Oleh Meuthia Ganie-Rochman
(Dosen Pengajar UI; mendalami Sosiologi Politik dan Organisasi)
(Dosen Pengajar UI; mendalami Sosiologi Politik dan Organisasi)
Dari
 sedikit program pemerintah yang berjalan konsisten dan tumbuh, ada 
Program Nasional Pemberdayaan Masyarakat. Program ini untuk 
menanggulangi kemiskinan.
PNPM tumbuh dari kegiatan 
berbasis partisipasi masyarakat yang sudah ada sejak awal reformasi dan 
kini berkembang ke berbagai bentuk program: pedesaan-perkotaan, sektoral
 (perikanan, pertanian, kredit usaha kecil), hingga pembangunan sosial 
ekonomi wilayah. 
Berbeda dari program mengatasi kemiskinan lainnya, program ini sangat diwarnai demokrasi, seperti partisipasi dan kontrol tentang keputusan kegiatan pembangunan tanpa campur tangan pemerintah.
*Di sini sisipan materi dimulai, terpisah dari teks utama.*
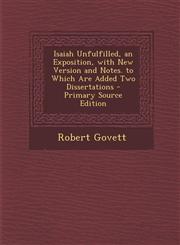 Isaiah Unfulfilled, an Exposition, with New Version and Notes. to Which Are Added Two Dissertations - Primary Source Edition,1294314696,9781294314691
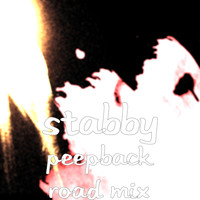Stabby - Peepback (Road Mix)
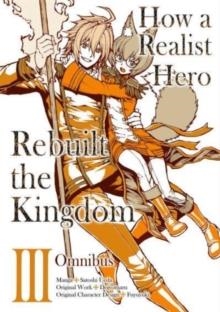 HOW A REALIST HERO REBUILT THE KINGDOM (MANGA): OMNIBUS 3 | 9781718341050 | DOJYOMARU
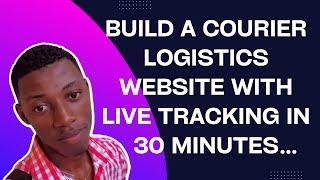 How to Build a Courier Logistics Website With Live Tracking Using WordPress in 30 Minutes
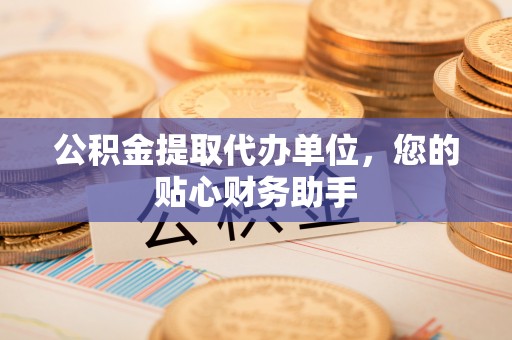 邱县公积金提取代办单位，您的贴心财务助手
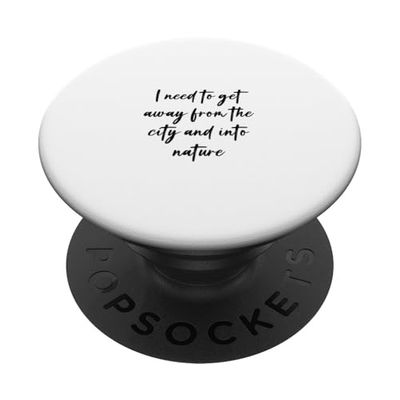 Necesito alejarme de la ciudad y entrar en la naturaleza PopSockets PopGrip Adhesivo
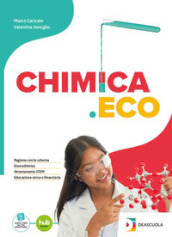 Chimica.Eco. Per le Scuole superiori. Con e-book. Con espansione online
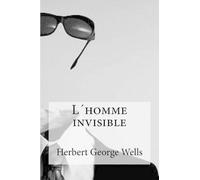 Herbert George Wells L homme invisible (Tascabile)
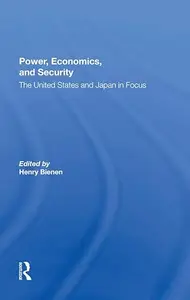 Power, Economics, And Security: The United States And Japan In Focus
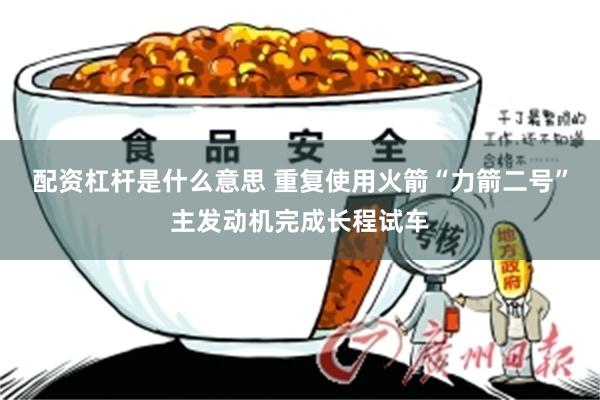 配资杠杆是什么意思 重复使用火箭“力箭二号”主发动机完成长程试车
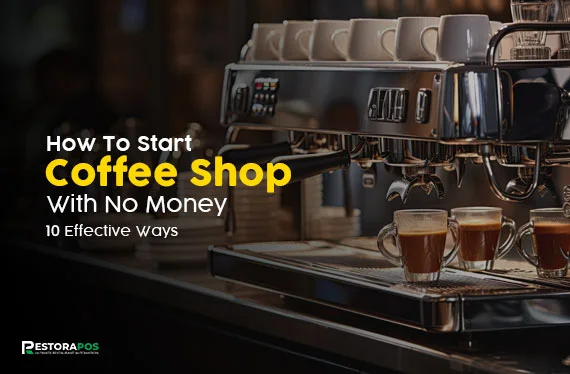 how-to-start-coffee-shop-with-no-money-10-effective-ways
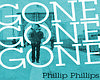 Gone - Phillip Phillips 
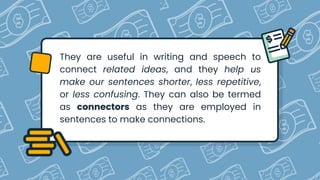 They are useful in writing and speech to
connect related ideas, and they help us
make our sentences shorter, less repetitive,
or less confusing. They can also be termed
as connectors as they are employed in
sentences to make connections.
 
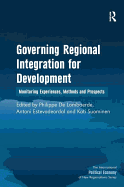 Governing Regional Integration for Development: Monitoring Experiences, Methods and Prospects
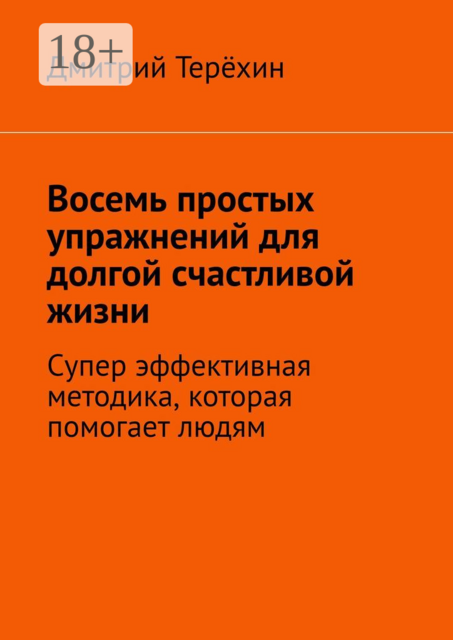 Восемь простых упражнений для долгой счастливой жизни. Супер эффективная методика, которая вернет вам состояние счастья, Дмитрий Терёхин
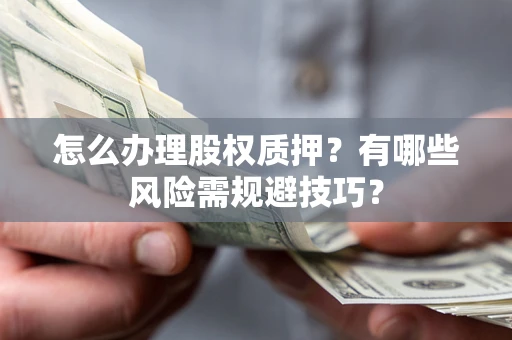 武汉怎么办理股权质押？有哪些风险需规避技巧？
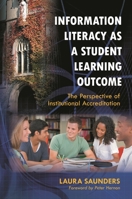 Information Literacy as a Student Learning Outcome: The Perspective of Institutional Accreditation 1598848526 Book Cover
Pemerintah tidak hanya membiayai proyek yang dipilih, tetapi juga fasilitator seluruh administrasi pengelolaan dari tingkat lokal ke nasional. Program ini sangat terstruktur, terutama untuk mencegah kebocoran.
Program kebanggaan
PNPM
 mirip dengan model partisipatoris di Porto Alegre, Brasil, yang 
kemudian menjadi model pembangunan demokratis di banyak negara. PNPM 
kini lebih masif dan menjadi salah satu program kebanggaan (flagship) 
pemerintahan sekarang.
Dana yang dialokasikan pada tingkat APBN 
berkisar 0,8 persen dan ada dana dampingan dari APBD. Setiap kecamatan 
mendapat Rp 750 juta-Rp 3 miliar, bergantung pada jumlah penduduk. Tahun
 2011 direncanakan akan mencakup lebih dari 6.000 kecamatan.
Dana
 diturunkan ke kecamatan untuk dikompetisikan di tingkat di bawahnya. 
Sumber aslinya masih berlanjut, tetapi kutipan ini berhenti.